(Stored data entries)

Segment Open

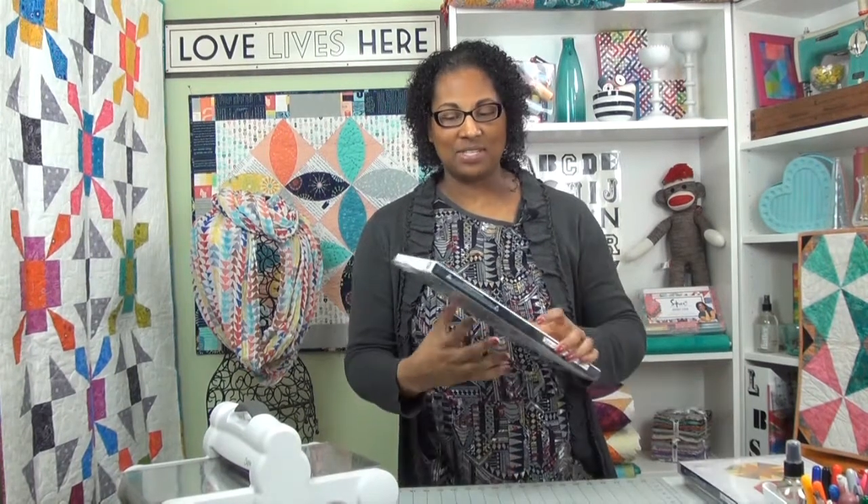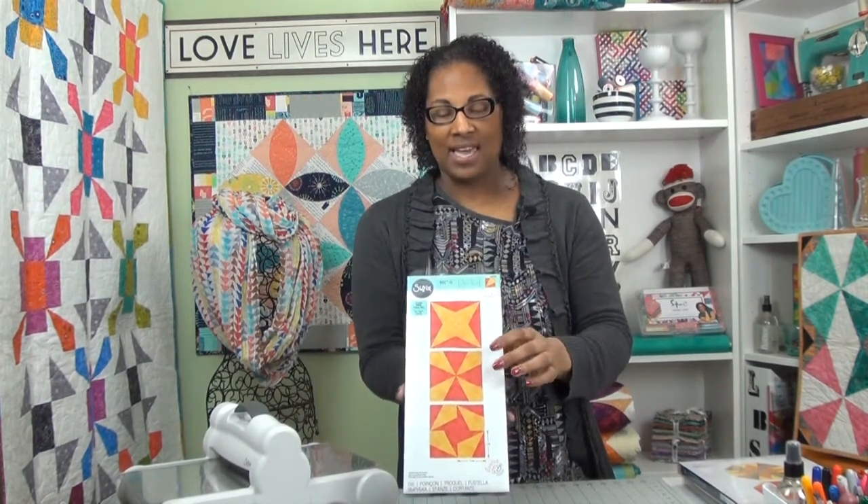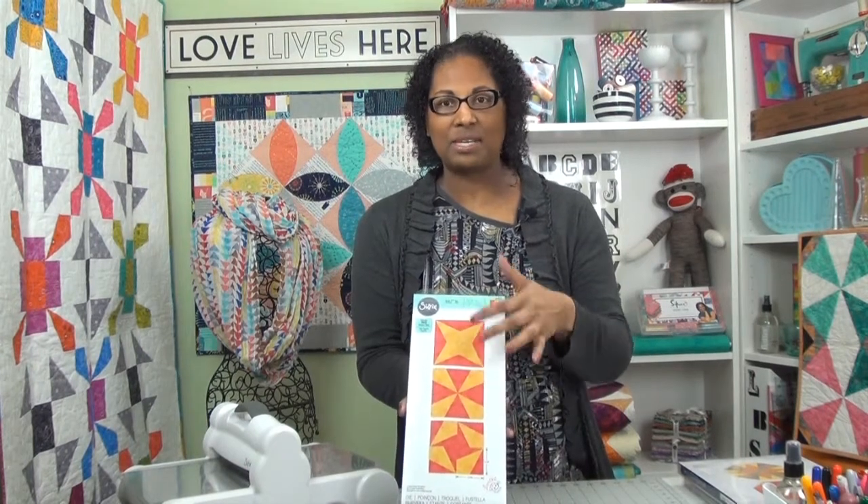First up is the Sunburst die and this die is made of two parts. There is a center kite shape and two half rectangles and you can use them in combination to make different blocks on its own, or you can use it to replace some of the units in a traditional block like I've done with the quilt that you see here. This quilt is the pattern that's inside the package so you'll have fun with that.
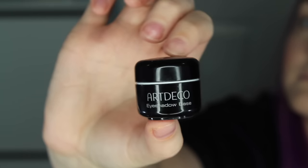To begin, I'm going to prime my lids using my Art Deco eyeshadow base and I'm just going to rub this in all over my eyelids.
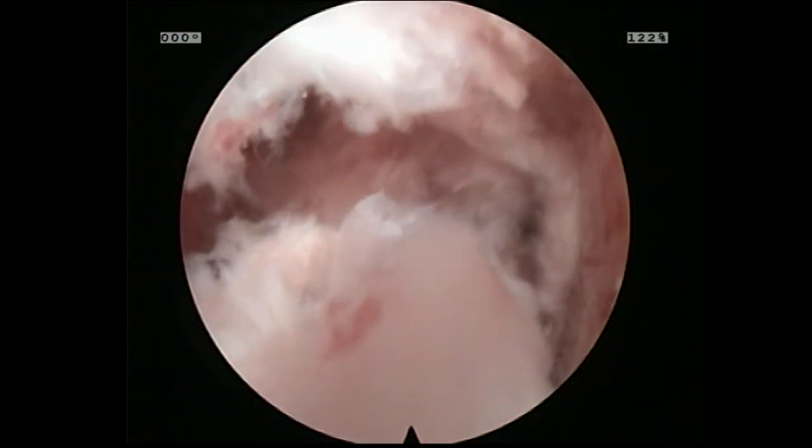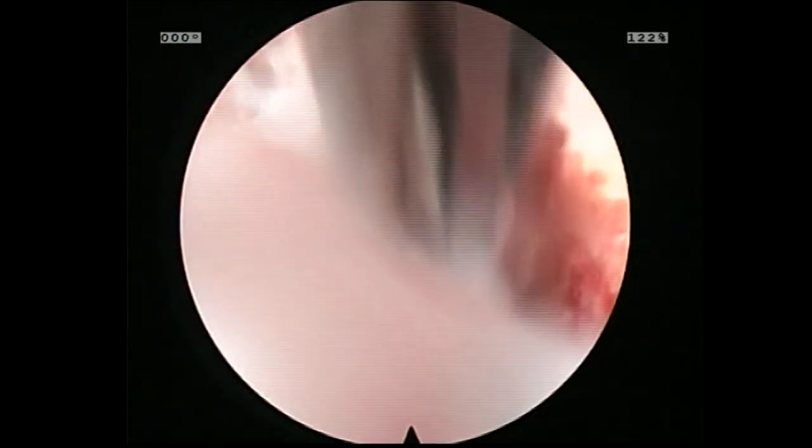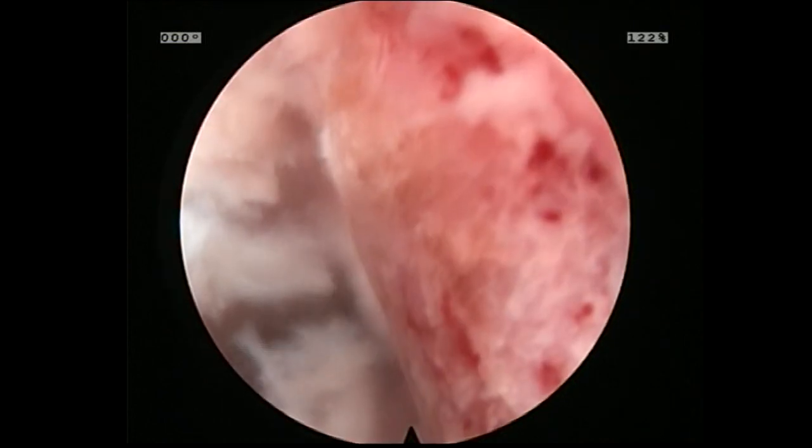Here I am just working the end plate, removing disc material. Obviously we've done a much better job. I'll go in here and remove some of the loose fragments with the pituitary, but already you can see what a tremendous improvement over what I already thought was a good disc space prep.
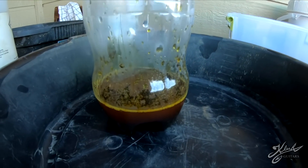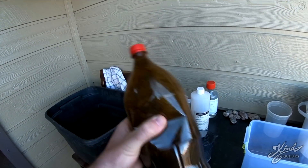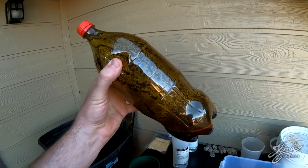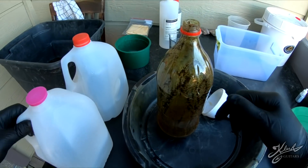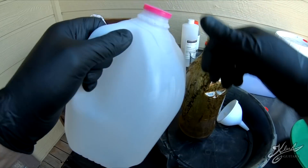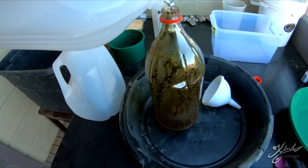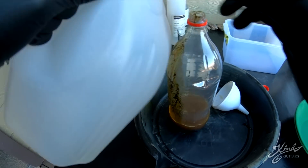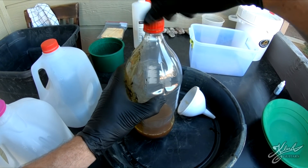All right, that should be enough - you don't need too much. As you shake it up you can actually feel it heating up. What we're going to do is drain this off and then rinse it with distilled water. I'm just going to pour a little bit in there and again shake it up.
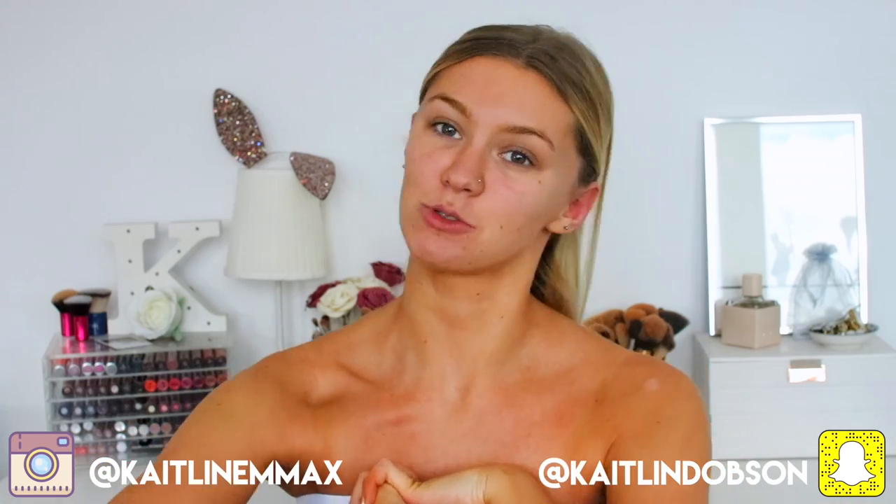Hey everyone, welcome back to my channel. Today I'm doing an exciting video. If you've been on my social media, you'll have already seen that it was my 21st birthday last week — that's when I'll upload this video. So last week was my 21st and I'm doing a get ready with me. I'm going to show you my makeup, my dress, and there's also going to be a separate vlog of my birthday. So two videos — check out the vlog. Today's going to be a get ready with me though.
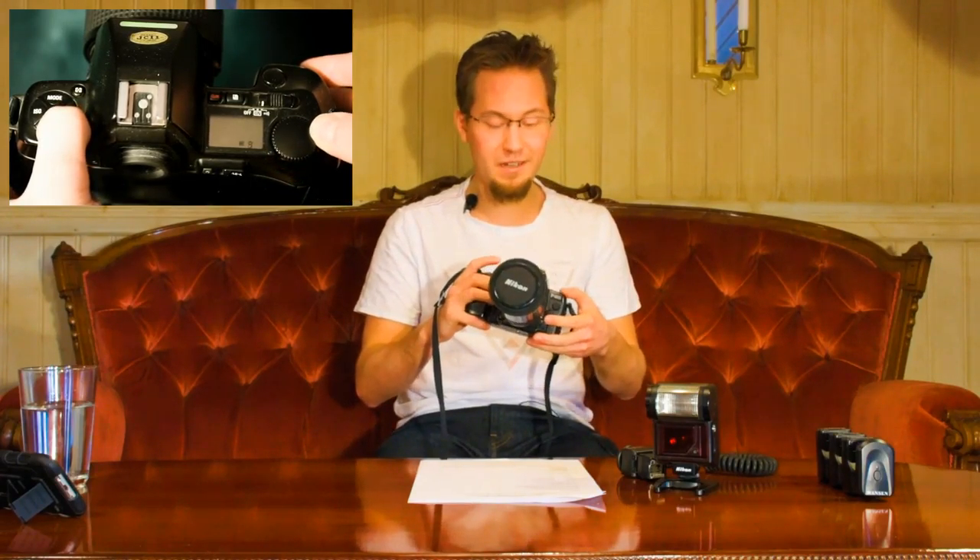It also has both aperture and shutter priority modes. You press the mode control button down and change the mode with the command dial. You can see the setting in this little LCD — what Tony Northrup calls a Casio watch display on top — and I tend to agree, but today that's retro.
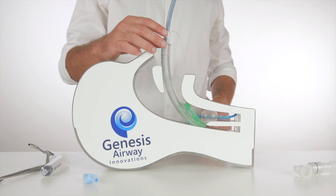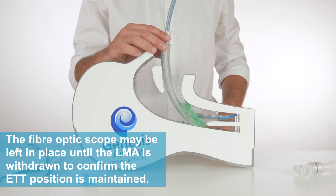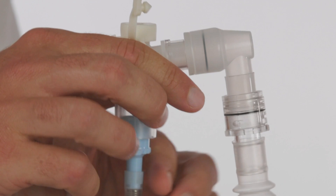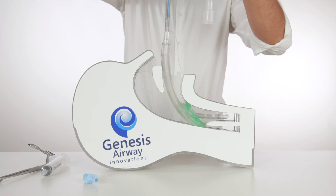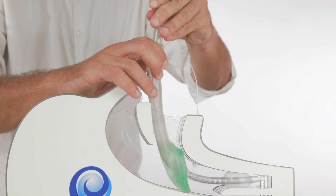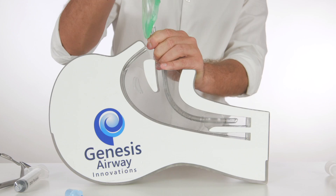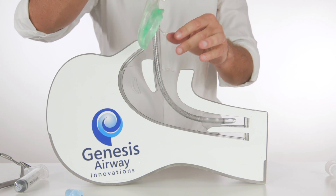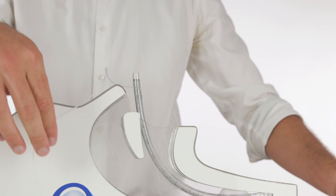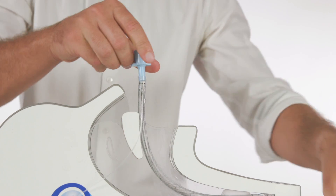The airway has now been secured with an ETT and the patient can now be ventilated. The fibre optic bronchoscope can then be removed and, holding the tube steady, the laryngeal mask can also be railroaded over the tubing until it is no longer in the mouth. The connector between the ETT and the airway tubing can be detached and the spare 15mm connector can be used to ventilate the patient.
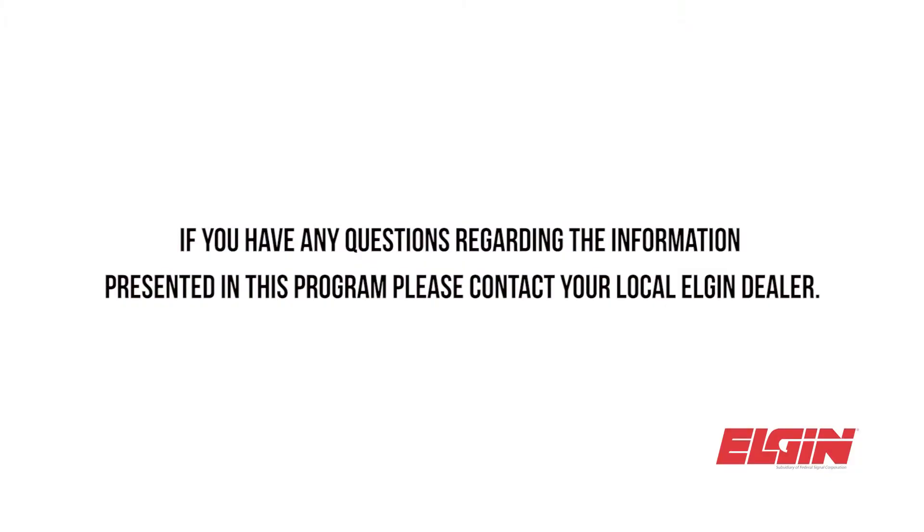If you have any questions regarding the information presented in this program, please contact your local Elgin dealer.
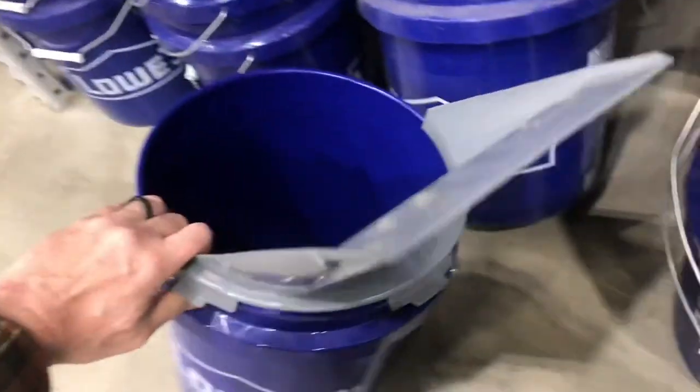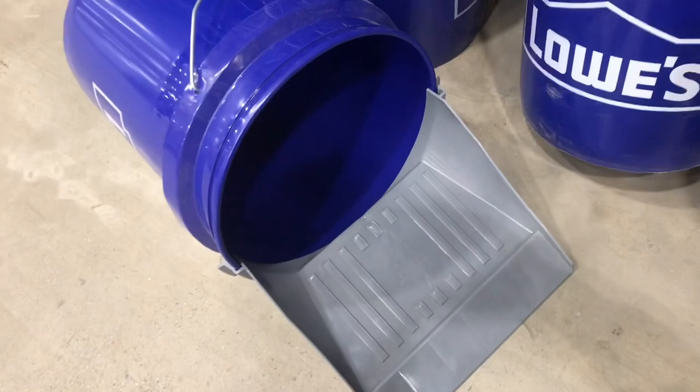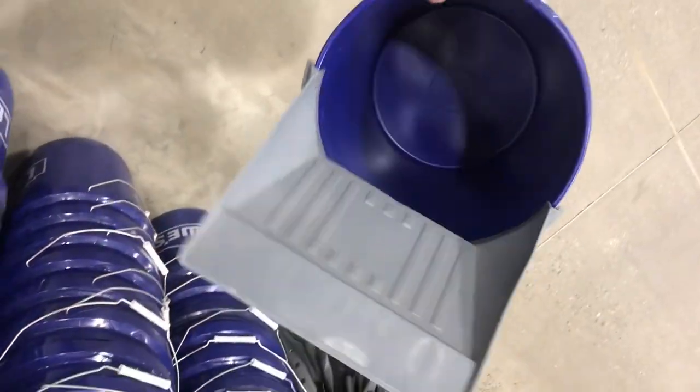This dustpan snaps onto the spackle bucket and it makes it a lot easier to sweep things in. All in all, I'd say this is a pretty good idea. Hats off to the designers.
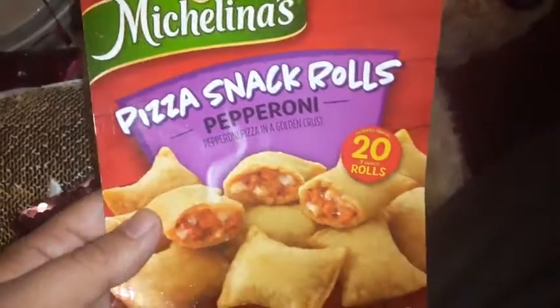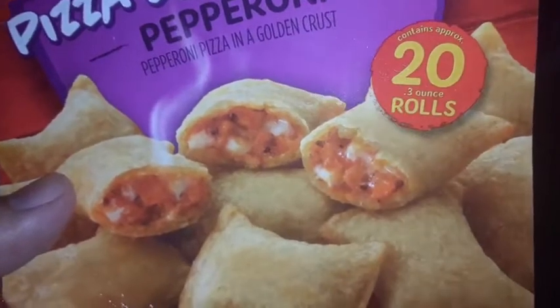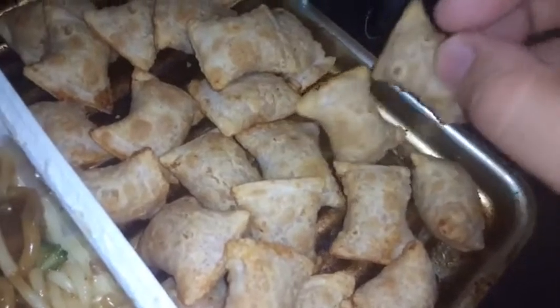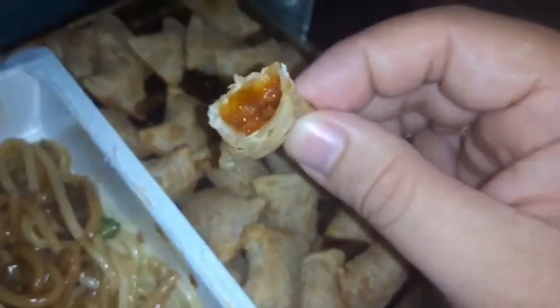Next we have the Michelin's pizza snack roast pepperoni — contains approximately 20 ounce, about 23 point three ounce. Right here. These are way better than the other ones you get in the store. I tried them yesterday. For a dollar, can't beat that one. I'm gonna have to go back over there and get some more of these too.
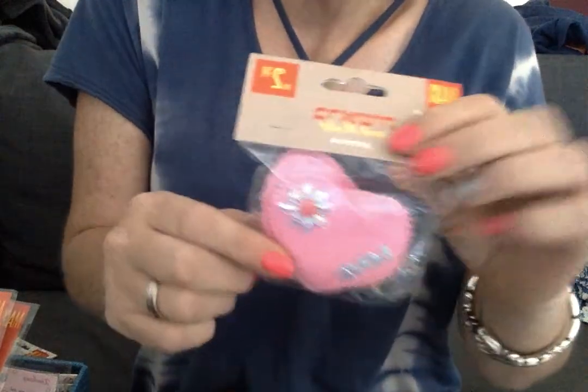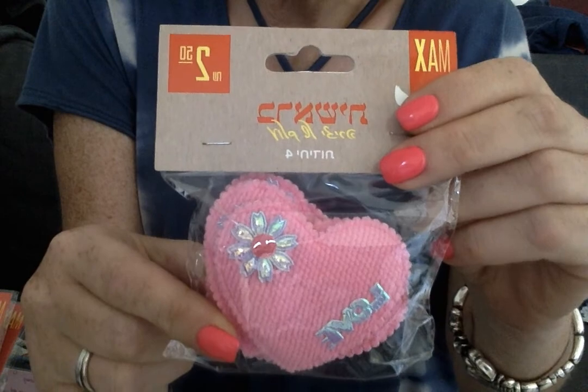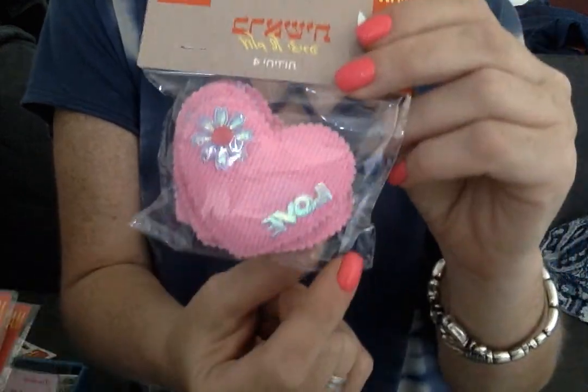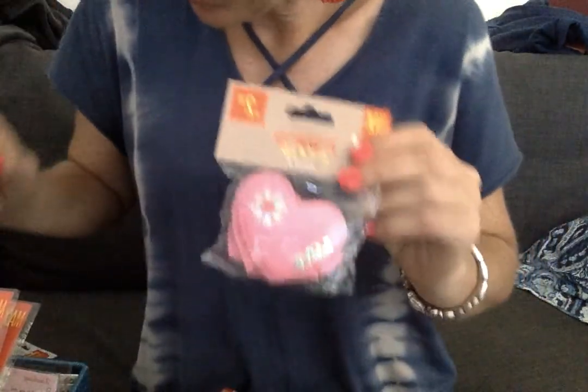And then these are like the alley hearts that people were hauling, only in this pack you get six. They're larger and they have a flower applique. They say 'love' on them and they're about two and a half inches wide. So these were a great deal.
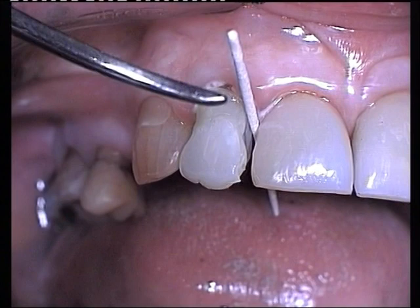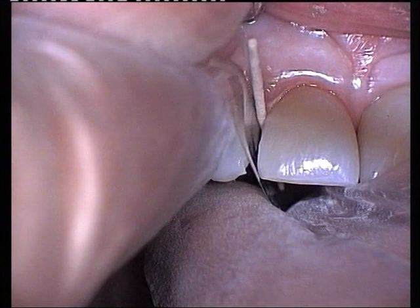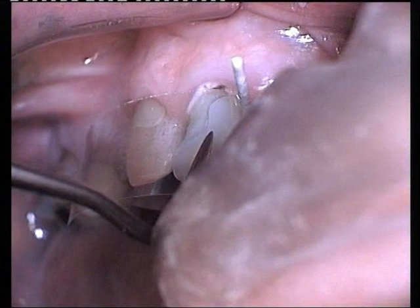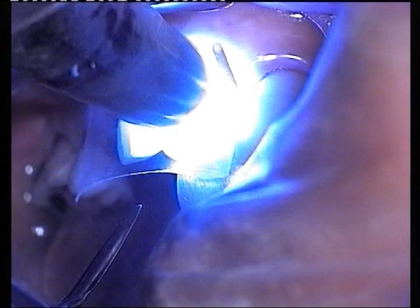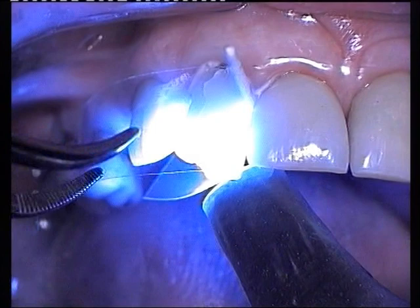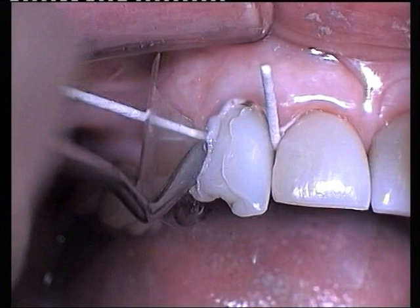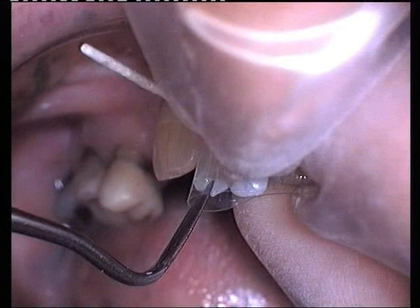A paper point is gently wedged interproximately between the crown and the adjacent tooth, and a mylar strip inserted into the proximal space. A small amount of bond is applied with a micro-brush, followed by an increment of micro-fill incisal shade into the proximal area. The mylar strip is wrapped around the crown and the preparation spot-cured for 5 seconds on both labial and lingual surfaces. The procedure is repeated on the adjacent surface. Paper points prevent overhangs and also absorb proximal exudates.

Segment Closed

Aim of the exercise: The records are to be returned word for word, without any of their pictures.

Result for this exercise:
First up is the Sunburst die and this die is made of two parts. There is a center kite shape and two half rectangles and you can use them in combination to make different blocks on its own, or you can use it to replace some of the units in a traditional block like I've done with the quilt that you see here. This quilt is the pattern that's inside the package so you'll have fun with that.
To begin, I'm going to prime my lids using my Art Deco eyeshadow base and I'm just going to rub this in all over my eyelids.
Here I am just working the end plate, removing disc material. Obviously we've done a much better job. I'll go in here and remove some of the loose fragments with the pituitary, but already you can see what a tremendous improvement over what I already thought was a good disc space prep.
All right, that should be enough - you don't need too much. As you shake it up you can actually feel it heating up. What we're going to do is drain this off and then rinse it with distilled water. I'm just going to pour a little bit in there and again shake it up.
Hey everyone, welcome back to my channel. Today I'm doing an exciting video. If you've been on my social media, you'll have already seen that it was my 21st birthday last week — that's when I'll upload this video. So last week was my 21st and I'm doing a get ready with me. I'm going to show you my makeup, my dress, and there's also going to be a separate vlog of my birthday. So two videos — check out the vlog. Today's going to be a get ready with me though.
It also has both aperture and shutter priority modes. You press the mode control button down and change the mode with the command dial. You can see the setting in this little LCD — what Tony Northrup calls a Casio watch display on top — and I tend to agree, but today that's retro.
The airway has now been secured with an ETT and the patient can now be ventilated. The fibre optic bronchoscope can then be removed and, holding the tube steady, the laryngeal mask can also be railroaded over the tubing until it is no longer in the mouth. The connector between the ETT and the airway tubing can be detached and the spare 15mm connector can be used to ventilate the patient.
If you have any questions regarding the information presented in this program, please contact your local Elgin dealer.
This dustpan snaps onto the spackle bucket and it makes it a lot easier to sweep things in. All in all, I'd say this is a pretty good idea. Hats off to the designers.
Next we have the Michelin's pizza snack roast pepperoni — contains approximately 20 ounce, about 23 point three ounce. Right here. These are way better than the other ones you get in the store. I tried them yesterday. For a dollar, can't beat that one. I'm gonna have to go back over there and get some more of these too.
And then these are like the alley hearts that people were hauling, only in this pack you get six. They're larger and they have a flower applique. They say 'love' on them and they're about two and a half inches wide. So these were a great deal.
A paper point is gently wedged interproximately between the crown and the adjacent tooth, and a mylar strip inserted into the proximal space. A small amount of bond is applied with a micro-brush, followed by an increment of micro-fill incisal shade into the proximal area. The mylar strip is wrapped around the crown and the preparation spot-cured for 5 seconds on both labial and lingual surfaces. The procedure is repeated on the adjacent surface. Paper points prevent overhangs and also absorb proximal exudates.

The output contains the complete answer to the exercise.